Bermuda is a small place, and I think that we all have cabin fever. But if one is discouraged from speaking freely because of how small the population is, and how we all know one another, can one still argue that we have free speech?

It is difficult to speak your mind in Bermuda because you very often risk a blowback from your family and friends.

If you’re privileged enough to have had an education in Britain or Canada, you’re indebted to your family — or in debt.

Does that mean that you should shut your mouth when you return home, and play nice?

Does your academic advantage mean that your speech should be at a constant disadvantage?

I don’t know any gang members, and I’ve never been in a gang. I don’t believe in God; I have a higher power because I’m a reformed alcoholic, and apart from that, I’m just your regular white guy.
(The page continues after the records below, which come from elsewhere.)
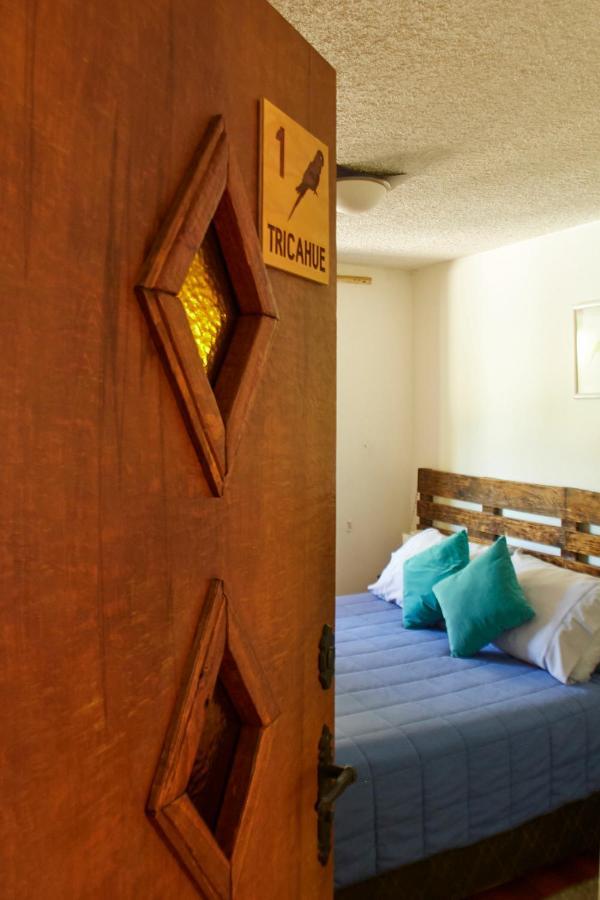 Hostal Aldea Colchagua Experience Santa Cruz Eksteriør bilde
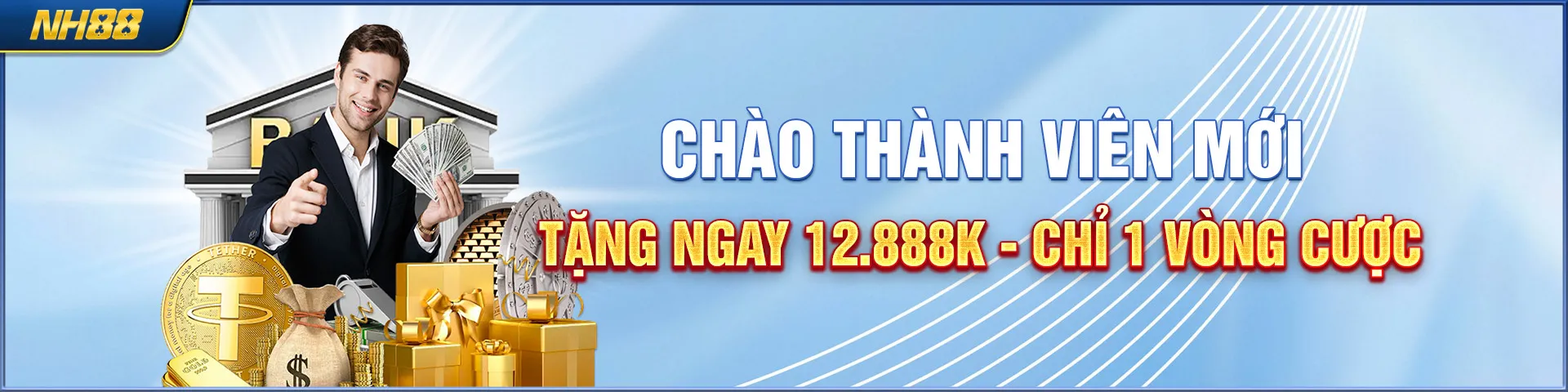 Banner NH88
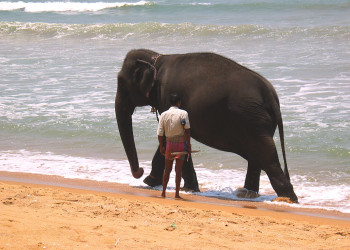 Ваддува, Шри-Ланка, фото № 50800 – фотографии Шри-Ланки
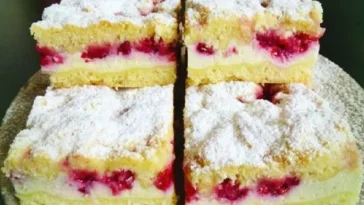 RASPELKUCHEN MIT HIMBEEREN UND PUDDING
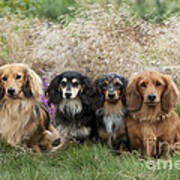 Miniature Long-haired Dachshunds #12 Poster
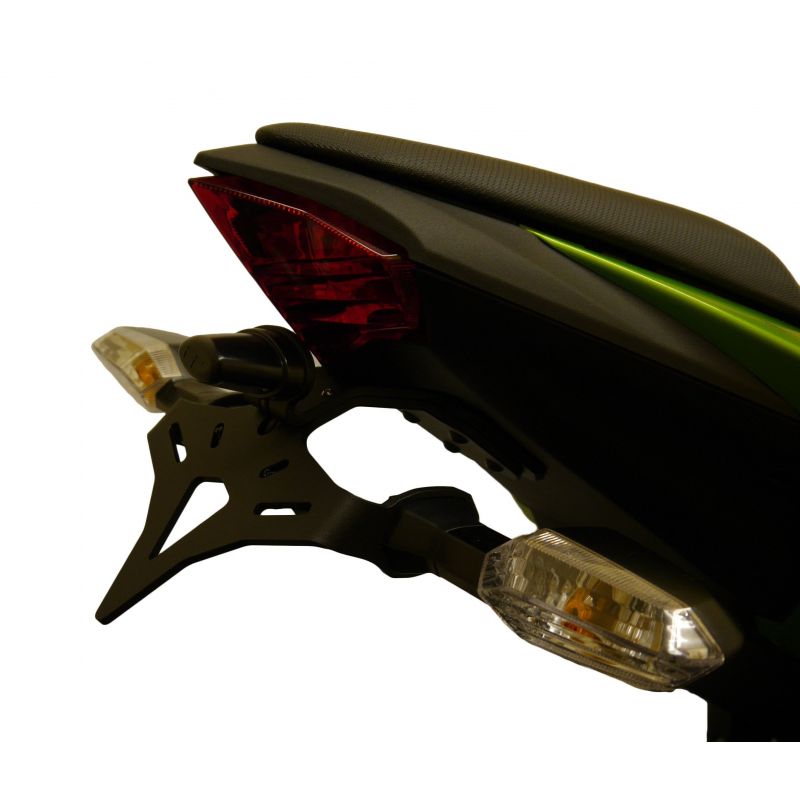 Kawasaki Ninja 125 2019+ Porta Targa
But am I allowed to say that Pastor Leroy Bean is an antiquated bore, who is about as much use as a Bible in an investment firm?

Can I say that without being called a racist? I think that withholding responsibility from young black men is racist, but you won’t see me being brought in to fix the gang problem anytime soon.

As of last year, black people are in 17,822 jobs; whites are in 10,752 jobs. If you’re black, you’re going to be making $30,353 less than your white colleague, or boss.

Am I allowed to say that that is an embarrassing indictment of our little island’s politics: black or white, One Bermuda Alliance or Progressive Labour Party? That they couldn’t even be bothered to try to remedy a wage gap?

Am I allowed to say that the only thing the Wakanda Royalty Gala celebrated was how ignorant voters are, and how loathsome and disgusting I feel because I’m scared to make fun of it?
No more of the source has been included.